COMMISSION ON HUMAN RIGHTS

Fifty-sixth session

SUMMARY RECORD OF THE 45th MEETING

Held at the Palais des Nations, Geneva,
on Thursday, 13 April 2000, at 10.00 a.m.




Chairman: Mr. SIMKHADA - Nepal

CONTENTS


STATEMENT BY THE MINISTER FOR FOREIGN AFFAIRS OF CANADA
STATEMENT BY THE MINISTER OF IMMIGRANT ABSORPTION OF ISRAEL
SPECIFIC GROUPS AND INDIVIDUALS:

(a) MIGRANT WORKERS
(b) MINORITIES
(c) MASS EXODUSES AND DISPLACED PERSONS
(d) OTHER VULNERABLE GROUPS AND INDIVIDUALS


The meeting was called to order at 10.05 a.m.

/...


STATEMENT BY THE MINISTER OF IMMIGRANT ABSORPTION OF ISRAEL

14. Mrs. TAMIR (Israel) said that Israel, which currently had a population of 6 million, had absorbed more than a million people from all over the world in the last 10 years. The forthcoming Passover was a reminder that, in the Jewish tradition, the entry into the land of Israel represented both salvation and personal and political liberation. It was in that tradition that Israel had taken the unusual step of granting automatic citizenship, along with full political and welfare rights, to Jewish immigrants. Under the Law of Return, all Jews and their families who applied for citizenship received equal treatment regardless of age, race, gender, state of health or economic status. Few countries, including ones more affluent than Israel, were prepared to offer such rights to immigrants, particularly to immigrants who were often in dire need.

15. Yet the Law of Return affected not only would-be immigrants but also Israeli citizens. By giving priority to Jews, the Law put Palestinian citizens of Israel in an inferior position. The policy was justified, however, firstly because Israel would acknowledge Palestinians’ right to enact a similar law of return whenever the Palestinian state was established, so that the needs of Palestinians’ everywhere could be met; and, secondly, because, apart from the Law of Return, Israel aspired to treat all its citizens equally, with no privileges for Jews over non-Jews and equal rights and responsibilities for all.

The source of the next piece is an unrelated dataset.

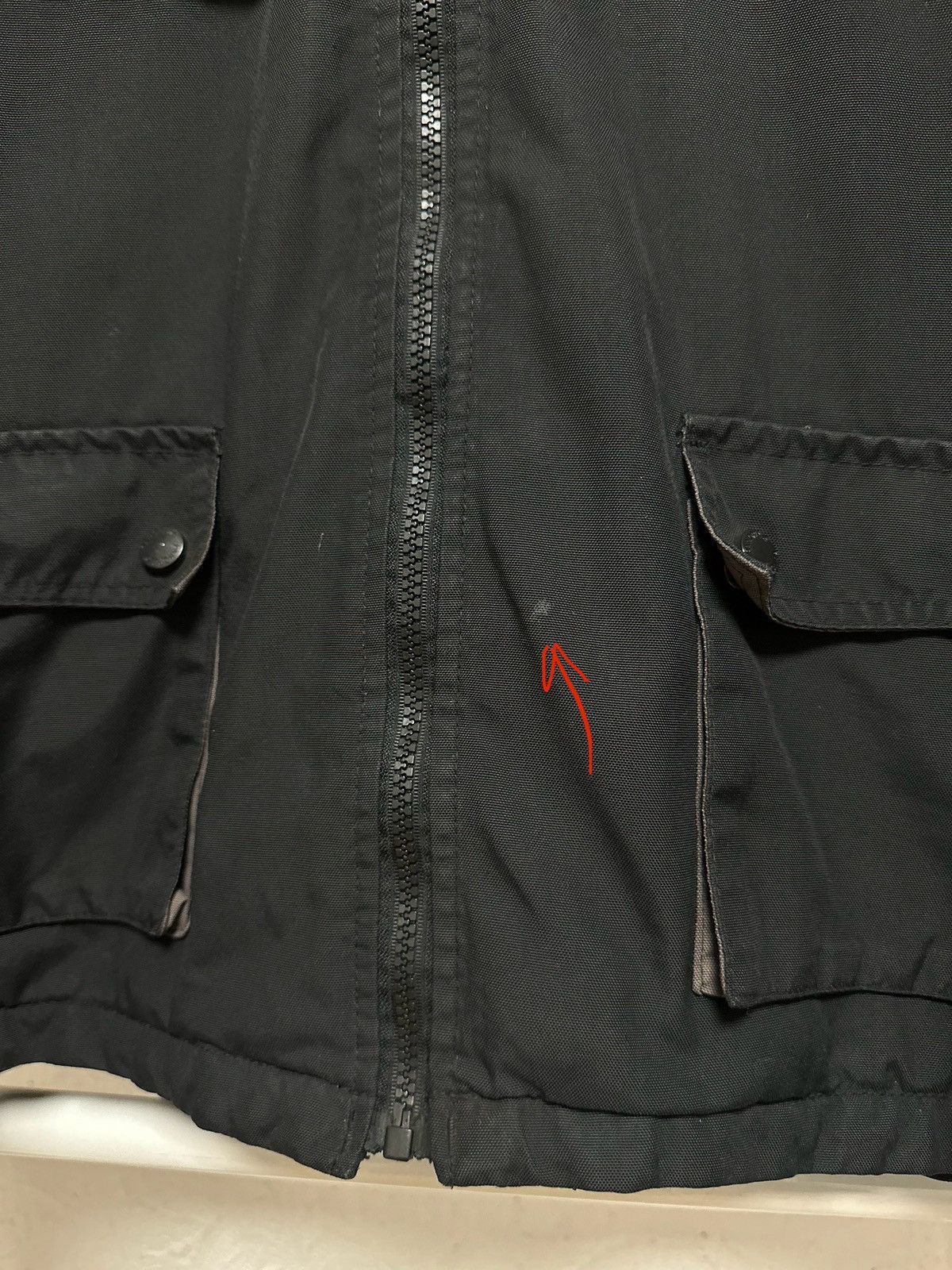 BMW BMW Panoply Performance Equipment Men’s Jacket Size L Size US L / EU 52-54 / 3 - 5 Thumbnail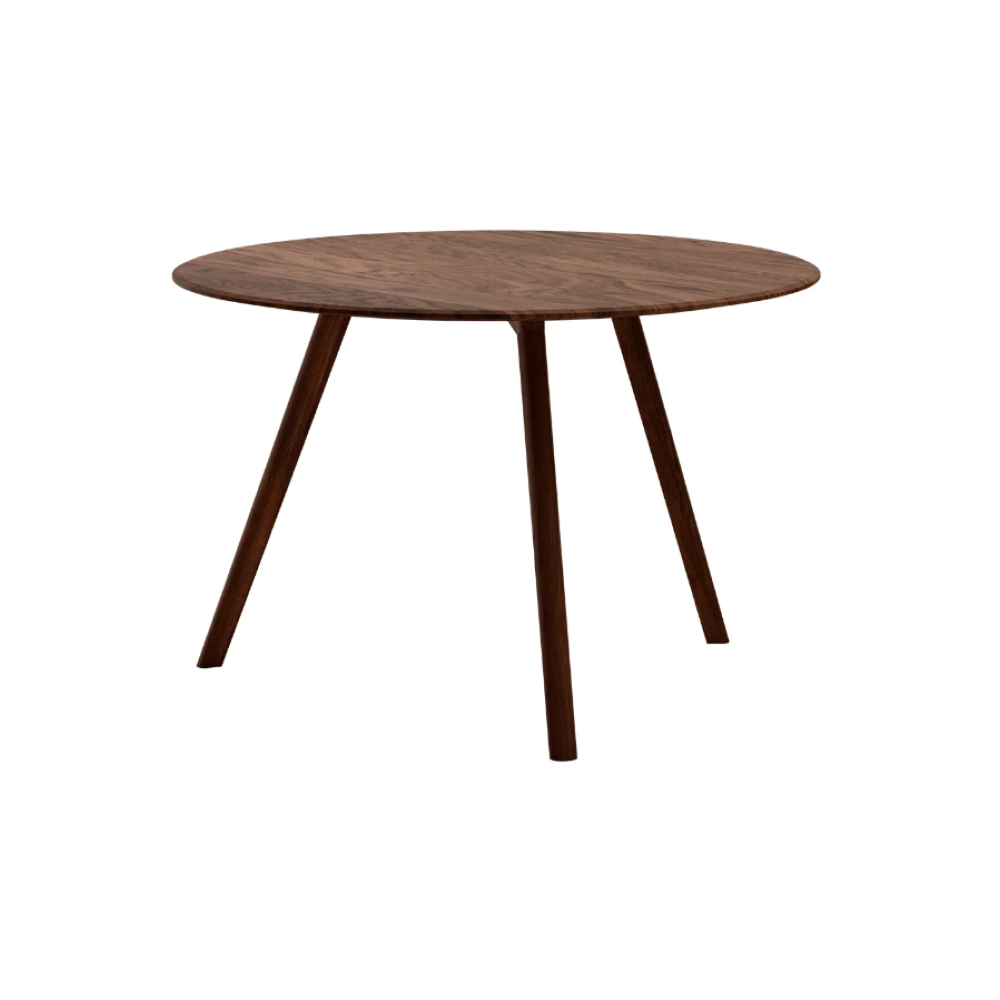 Meyer Table Round D89 - 6 options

16. The Middle East was not yet able to transcend the age of nation States, but at least the States concerned could aspire to live in peace with each other, respecting the rights of all their citizens. Israel would not rest until that goal was attained.

/...


SPECIFIC GROUPS AND INDIVIDUALS:

(a) MIGRANT WORKERS
(b) MINORITIES
(c) MASS EXODUSES AND DISPLACED PERSONS
(d) OTHER VULNERABLE GROUPS AND INDIVIDUALS

(agenda item 14) (E/CN.4/2000/76-79, 80 and Add.1, 81, 82, 83 and Add.1 and 2 and 138; E/CN.4/2000/NGO/15, 22, 31, 47 and 58; E/CN.5/2000/3; A/54/303 and 348; E/CN.4/Sub.2/1999/21)

/...


93. Mr. RAMLAWI (Observer for Palestine), speaking in exercise of the right of reply, said that the Minister of Immigrant Absorption of Israel had referred to the “right of return” which allowed any Jew, from any part of the world, to enter Israel and be granted citizenship. It was, in other words, an ethnic law, based solely on the Jewish religion. By the same token, however, it prevented Palestinians returning to their homes and recovering property confiscated by the occupying forces of Israel, although that ran counter to international law and the Geneva Conventions. The Minister had been guilty of misrepresentation. Members should read the text of the Law in order to see how it discriminated against Palestinians.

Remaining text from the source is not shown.